Federal authorities are offering a $20,000 reward for information leading to the arrest and conviction of a man who was filmed decapitating a sea lion on a beach in Monterey County earlier this summer.
Investigators from the National Marine Fisheries Service say the sea lion was believed to have already been dead on Point Pinos Beach in Pacific Grove, about 2 miles from the Monterey Bay Aquarium, when a man drove up in a Cadillac Escalade, and used a hunting knife to saw the animal’s head off.
He placed it in a plastic bag and drove a way as horrified onlookers watched.
A similar incident occurred at Doran Regional Park in Bodega Bay in December. Then, a man in his 30s decapitated a dead sea lion, put the animal’s head in a plastic bag and rode away on an e-bike, witnesses said. The fisheries service, a branch of the National Oceanic and Atmospheric Administration (NOAA), has offered a $20,000 reward in that case also.
Under the federal Marine Mammal Protection Act, a landmark environmental law signed by President Nixon in 1972, it is illegal to harm or harass marine mammals like sea lions, sea otters, or whales, and collect their parts, even if they are dead.

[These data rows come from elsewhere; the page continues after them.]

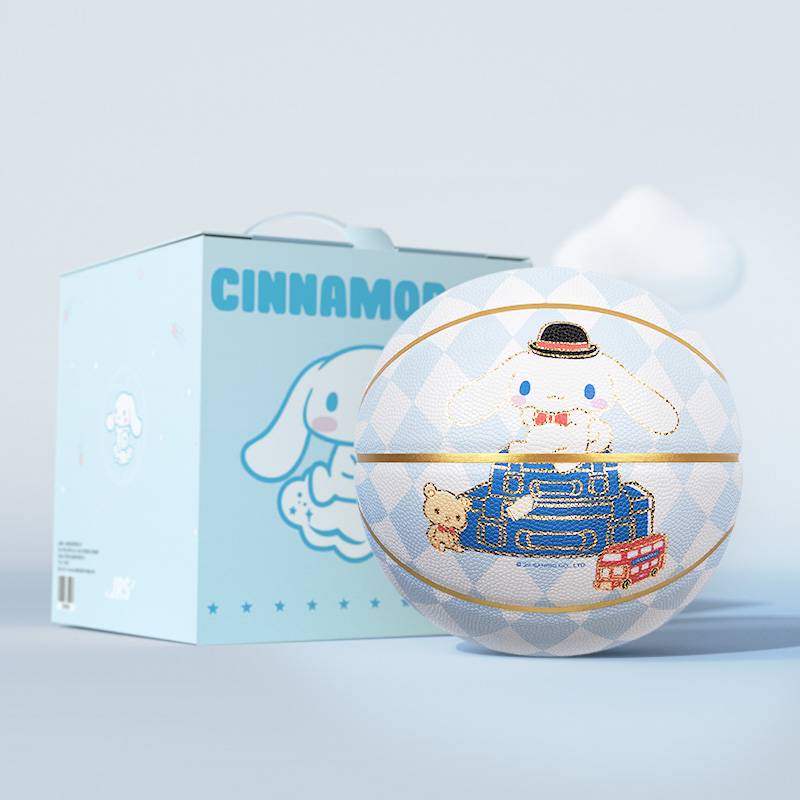 JRS Sanriga Union Kukuomi No. 7 PU blue ball men and women indoor and outdoor rubber basketball genuine children's gift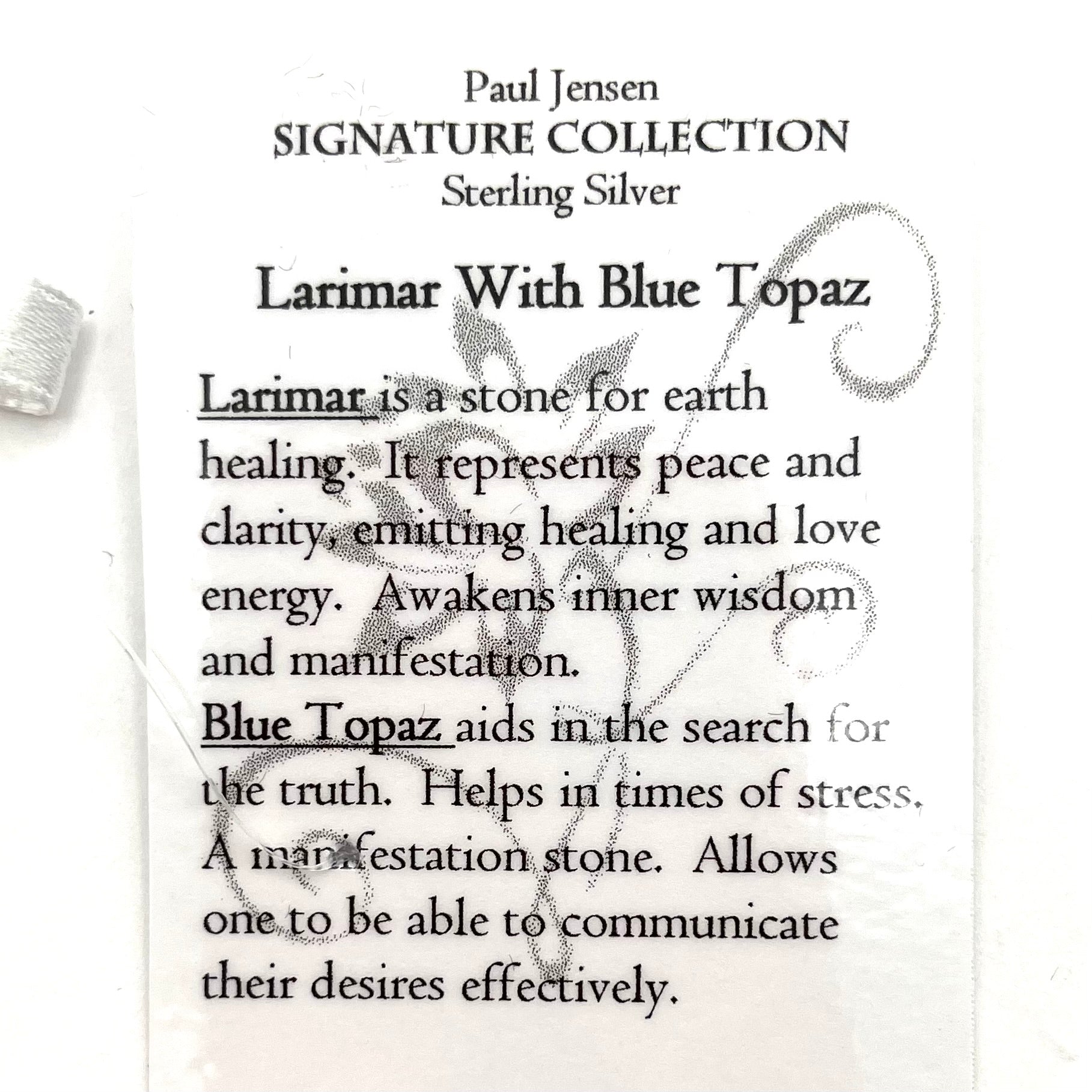 Larimar w/ Blue Topaz Necklace- Paul Jensen Signature Collection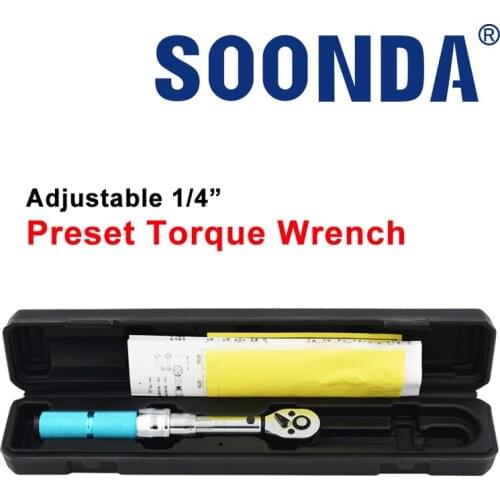 1/4" Adjustable Original 1-25N.m Preset Torque Wrench For Car Spanner Bicycle Repair Torque Setting Measurement Hand Tools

Rachel Hager, a spokeswoman for the National Marine Fisheries Service in Washington D.C., declined requests for an interview on Tuesday.
On July 30, however, Rashelle Diaz, a Monterey County resident, told KSBW TV that she saw the man, whom authorities described as a white male, 5-feet-9, in his late 50s or early 60s, with a white beard, cutting the dead sea lion’s head off on the beach.
“He was decapitating a seal he had already skinned, and separated the skull from the body,” Diaz said.
She walked over the man and told him he was breaking the law.
“90% of the locals in Monterey are aware of that,” Diaz said. “You cannot go near a seal alive or dead. It’s the law.”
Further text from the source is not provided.